Required from the data below: the exact lines starting at the line containing "Vision Seeds Gouda's" and ending at the line containing "Case Bound Property", with both ends kept and all pictures dropped.

## RECORDS SUPPLIED
------------------------------------------------------------
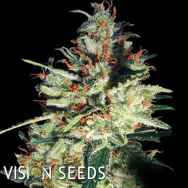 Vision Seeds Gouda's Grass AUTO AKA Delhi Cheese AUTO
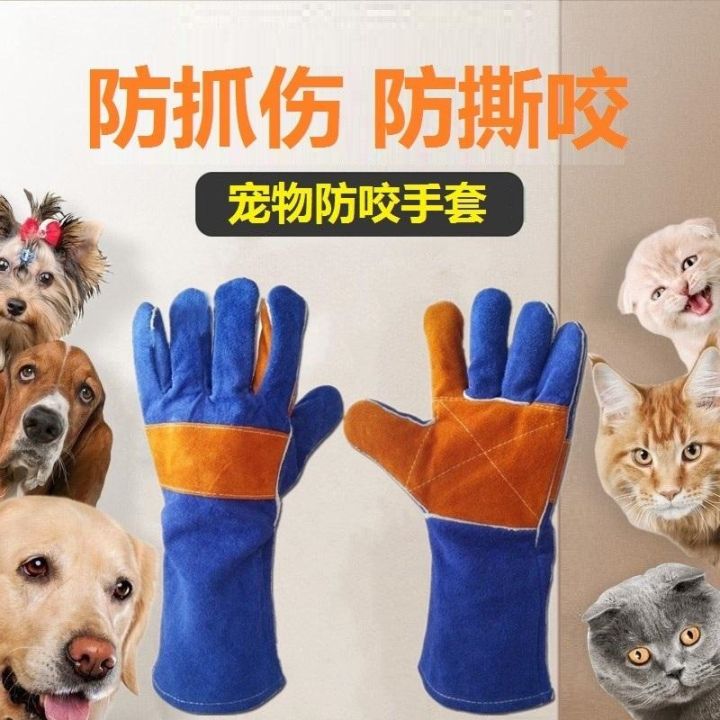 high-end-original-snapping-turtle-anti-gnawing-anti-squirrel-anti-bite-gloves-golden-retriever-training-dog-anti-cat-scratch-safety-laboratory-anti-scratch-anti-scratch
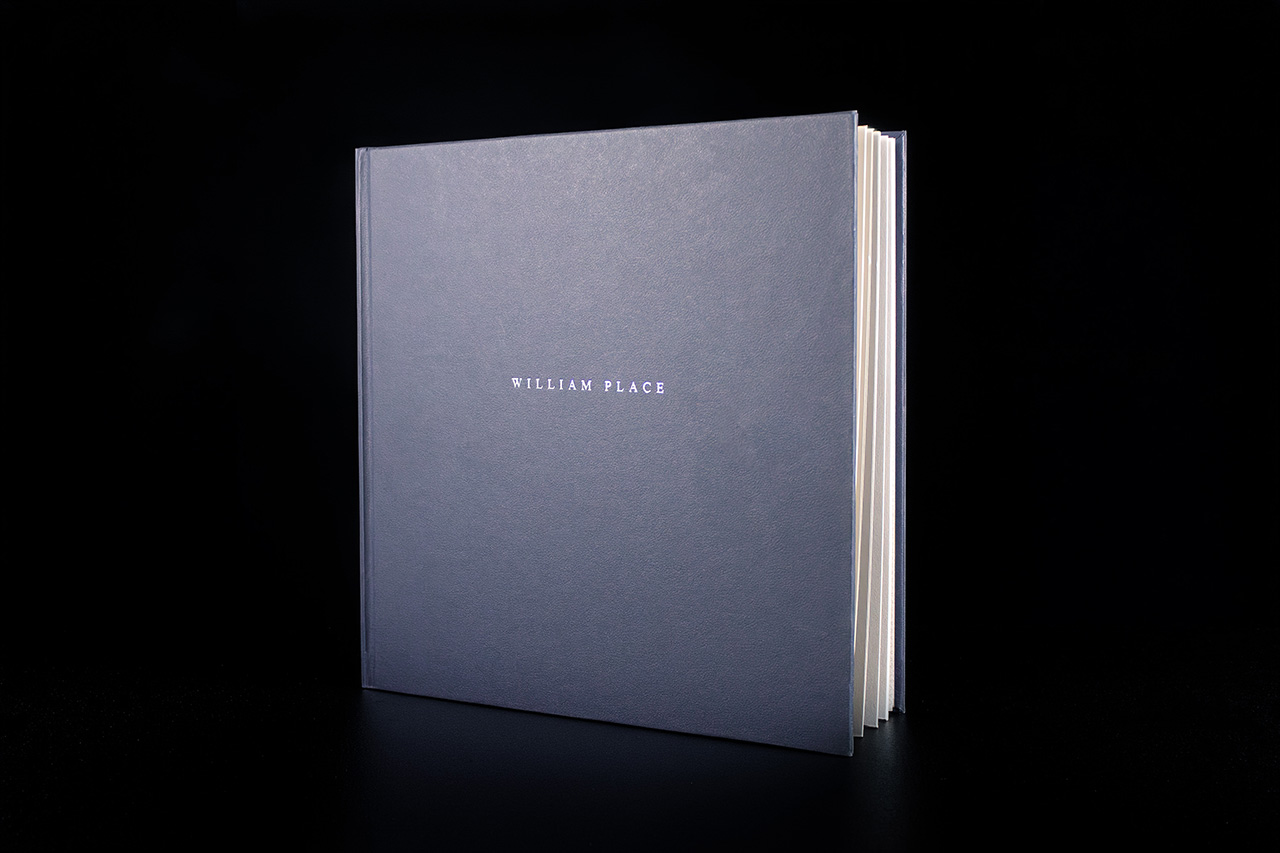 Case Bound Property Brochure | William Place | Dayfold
------------------------------------------------------------
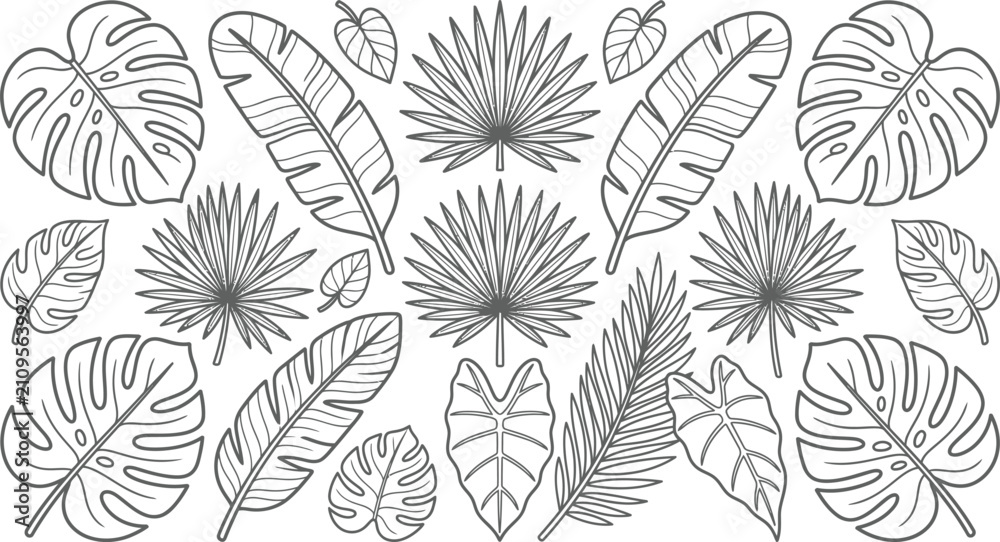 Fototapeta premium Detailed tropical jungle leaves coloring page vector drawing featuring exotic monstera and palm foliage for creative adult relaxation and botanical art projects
------------------------------------------------------------
## RESPONSE FOR THIS EXERCISE
 Vision Seeds Gouda's Grass AUTO AKA Delhi Cheese AUTO
 high-end-original-snapping-turtle-anti-gnawing-anti-squirrel-anti-bite-gloves-golden-retriever-training-dog-anti-cat-scratch-safety-laboratory-anti-scratch-anti-scratch
 Case Bound Property Brochure | William Place | Dayfold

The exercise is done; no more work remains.